São Paulo (AUN - USP) - “Riobaldo queria se afirmar como o homem que era no presente, ou seja, fazendeiro proprietário de terras e feliz no casamento, mas seu passado o condena”, diz Márcio Barbieri, autor do estudo. Quando o personagem narra os fatos de sua vida, tenta amenizar a culpa que sente por ter amado Diadorim (mulher que se vestia de homem para vingar a morte do pai), que, para ele e para todos os outros jagunços, era homem. Só que no presente ele já sabe que Diadorim, na verdade, era mulher, portanto pode confessar seu amor e buscar redenção.
O personagem Riobaldo reconstrói sua história ao contá-la ao “Doutor” e, com isso, deixa transparecer sua duplicidade no romance de João Guimarães Rosa. Segundo a pesquisa O tempo das formas em Grande Sertão: Veredas, o tempo que passou entre o momento em que o ex-jagunço fala (a enunciação) e os acontecimentos sobre os quais ele fala (o enunciado) gera um relato influenciado pelos sentimentos.

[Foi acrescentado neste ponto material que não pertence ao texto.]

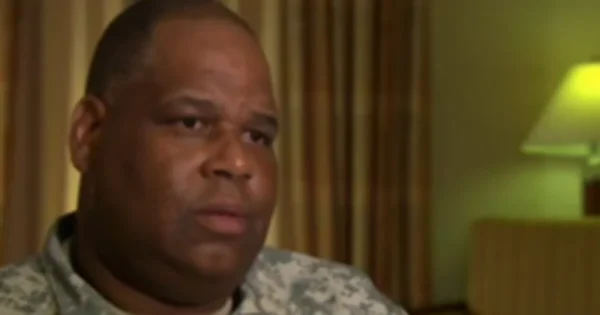 Fort Hood šaudynes išgyvenęs Alonzo Lunsfordas palaiko Nidalo Hasano egzekuciją sušaudant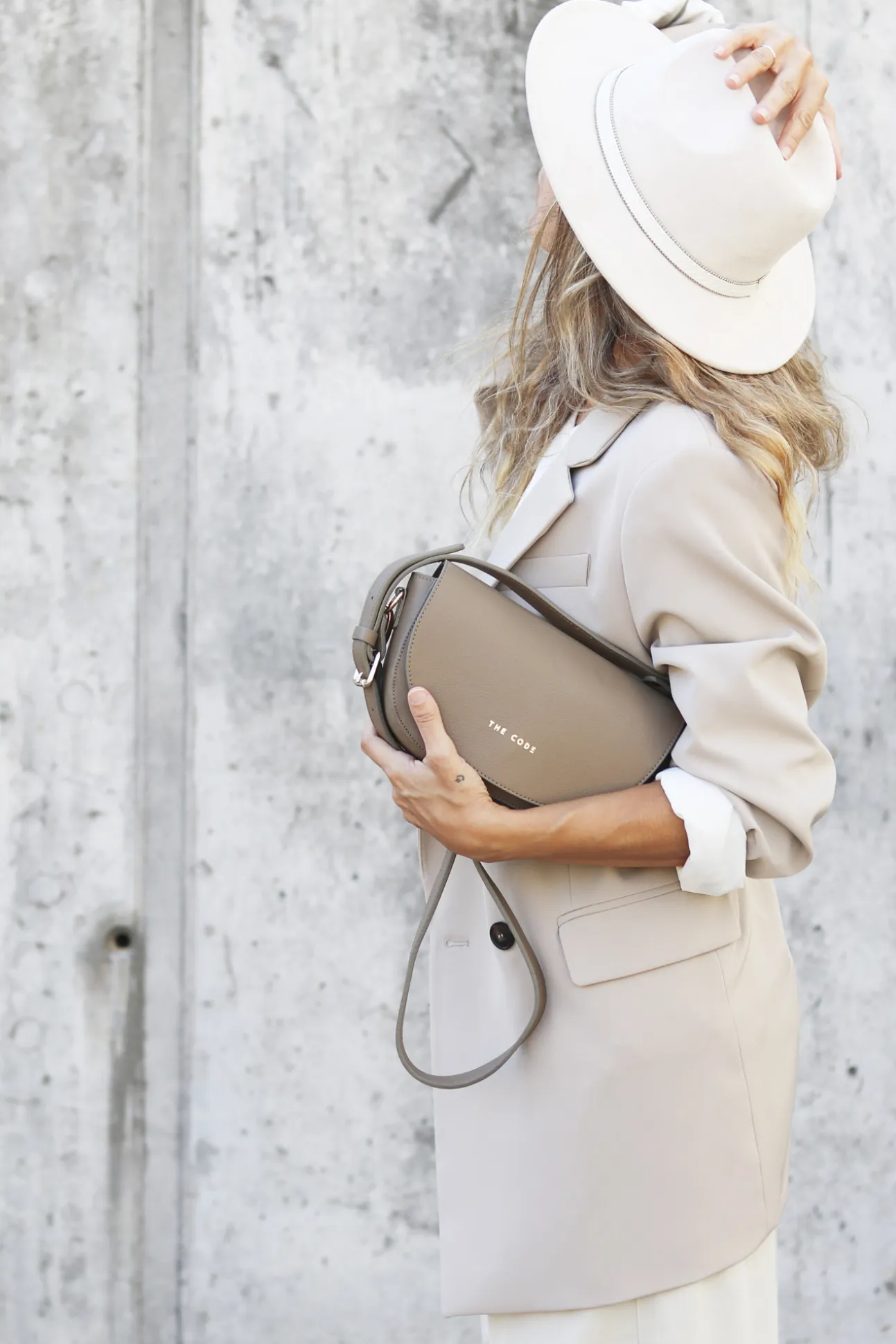 Bolso Alma piel taupé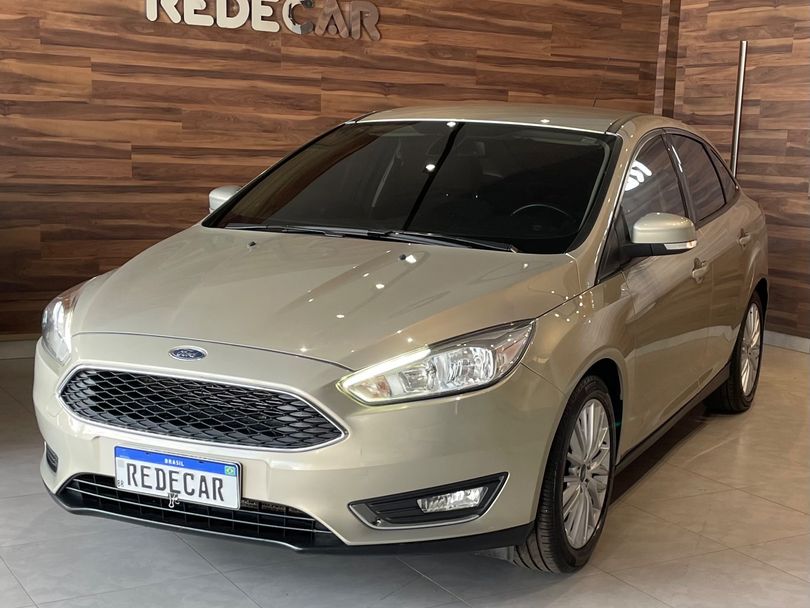 Ford Focus 2.0 16V/SE/SE Plus Flex 5p Aut.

Ele não consegue ser uno, seu discurso é perpassado o tempo todo pela dúvida e pelo pecado que pensa ter cometido. “O protagonista diz: ‘Fui e não fui o jagunço Riobaldo’. É um paradoxo que significa que ele nega ter sido jagunço, no presente, mas de fato foi, no passado”, explica Márcio.
O tempo é metáfora, pois verdadeiramente só há o presente. “O passado é formado apenas por memórias e o futuro ainda não foi construído”, afirma Márcio. Além disso, de acordo com Reinhart Koselleck, um dos teóricos consultados para a pesquisa, o tempo é produzido, já que os fatos históricos só passam a existir a partir de ações humanas. Da mesma forma, a história de Riobaldo só existe quando um certo “Doutor” a escuta e, depois, é prestigiada por algum leitor. Quem lê seu relato também é responsável pela consolidação daquilo que ele conta.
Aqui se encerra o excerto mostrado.